Palmas, 12/12/2017

Justica

Presos

DPE-TO consegue bloqueio de valores para compra de kits de higiene para presos em Cariri e Gurupi

  • De acordo com a direção das Unidades, atualmente 413 pessoas estão presas, o que gera um gasto semanal de R$ 5.468,12, e o valor pedido pela Defensoria Pública é para provimento mensal da demanda

Loise Maria

DPE-TO consegue bloqueio de valores para compra de kits de higiene para presos em Cariri e Gurupi



Rose Dayanne

A DPE-TO – Defensoria Pública do Estado do Tocantins, por intermédio do NUAmac Gurupi – Núcleo Aplicado de Minorias e Ações Coletivas e as Defensorias de Execução Penal, obteve o bloqueio por meio do sistema Bacenjud do valor de R$ 21.872,48, necessário para a aquisição de kits de higiene pessoal para os presos da Casa de Prisão Provisória de Gurupi e do CRSLA – Centro de Reeducação Social Luz do Amanhã, em Cariri.

De acordo com a direção das Unidades, atualmente 413 pessoas estão presas, o que gera um gasto semanal de R$ 5.468,12, e o valor pedido pela Defensoria Pública é para provimento mensal da demanda. "Com a penhora do valor, estamos aguardando o Cartório cumprir a decisão do Juiz e repassar o valor para que a Defensoria Pública efetue a compra dos itens autorizados, faça a entrega e a prestação de contas.

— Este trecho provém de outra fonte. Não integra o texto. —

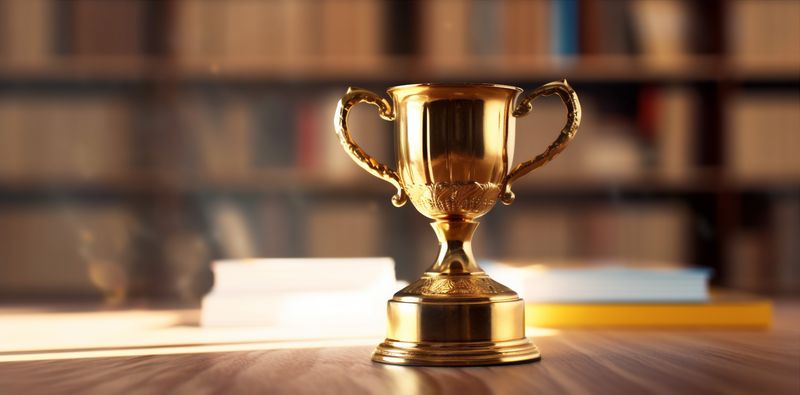 competition cup prize celebration gold library champion trophy award bokeh. Generative AI.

O que pedimos supre o mês e o Estado continua obrigado a solucionar o problema", explicou a coordenadora em substituição do Nuamac Gurupi, Lara Gomides.

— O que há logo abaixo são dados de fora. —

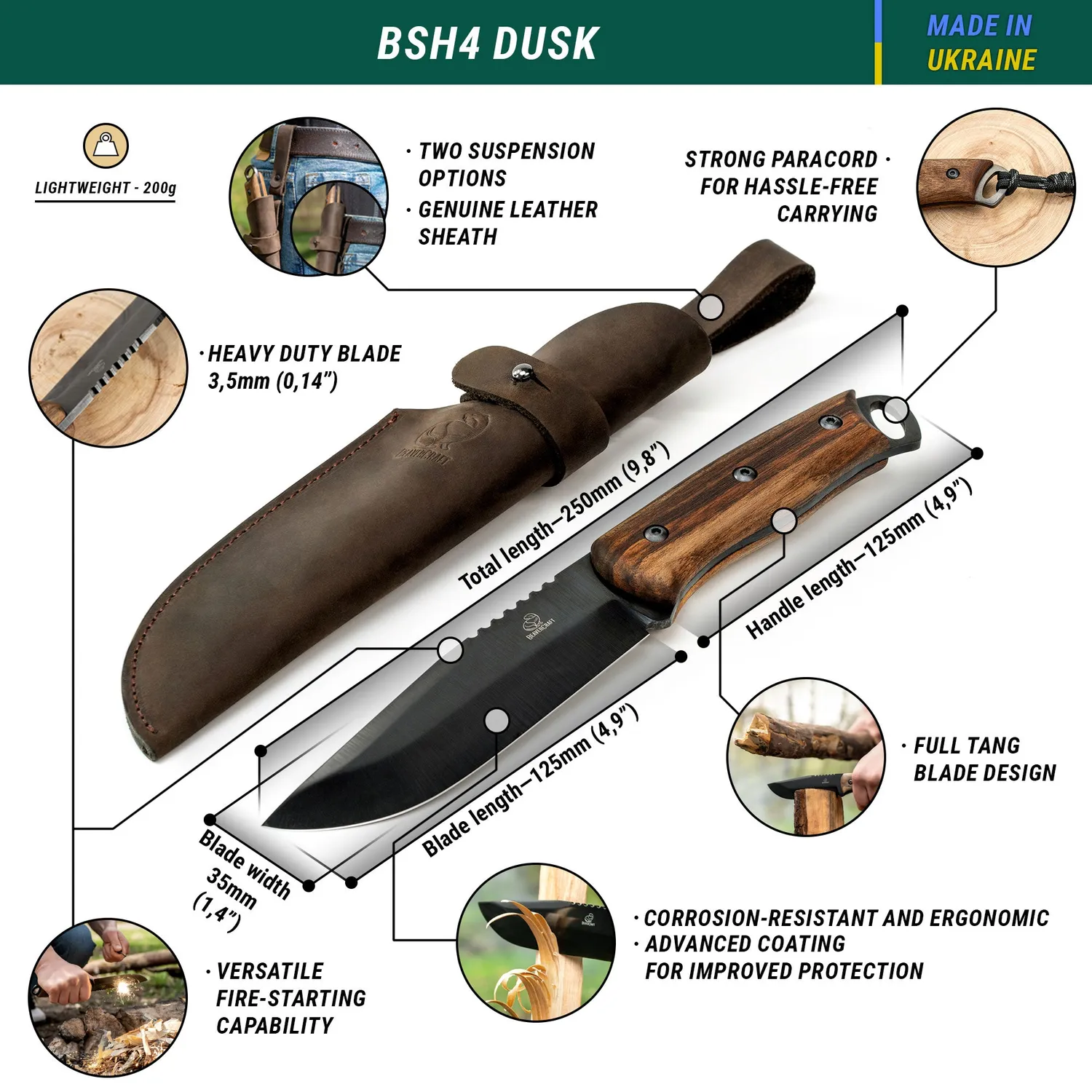 BeaverCraft BSH-X bushcraftknivsæt 3 stk kulstofstål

Desde novembro de 2016, o fornecimento de kits de higiene pessoal está irregular nas Unidades, faltam kits ou são insuficientes. Os presos estão sem acesso a itens de primeira necessidade, como sabonete, pasta de dente, papel higiênico e escova dental. 

Ação

Diante da situação, a DPE-TO ingressou com uma Ação Civil Pública para que o Estado regularizasse o fornecimento e, em junho deste ano, o Juiz da Vara de Fazenda e Registros Púbicos de Gurupi concedeu liminar e determinou que o Estado fornecesse os materiais básicos de higiene pessoal aos detentos, sob pena de bloqueio judicial.

"O Estado está descumprindo a decisão desde junho e os presos seguem prejudicados pela falta dos itens indispensáveis para a higiene pessoal. Essa situação fere os princípios da dignidade da pessoa humana e mínimo existencial. É o mínimo que o Estado deve prover", pontuou a defensora pública da execução penal em substituição Mônica Prudente.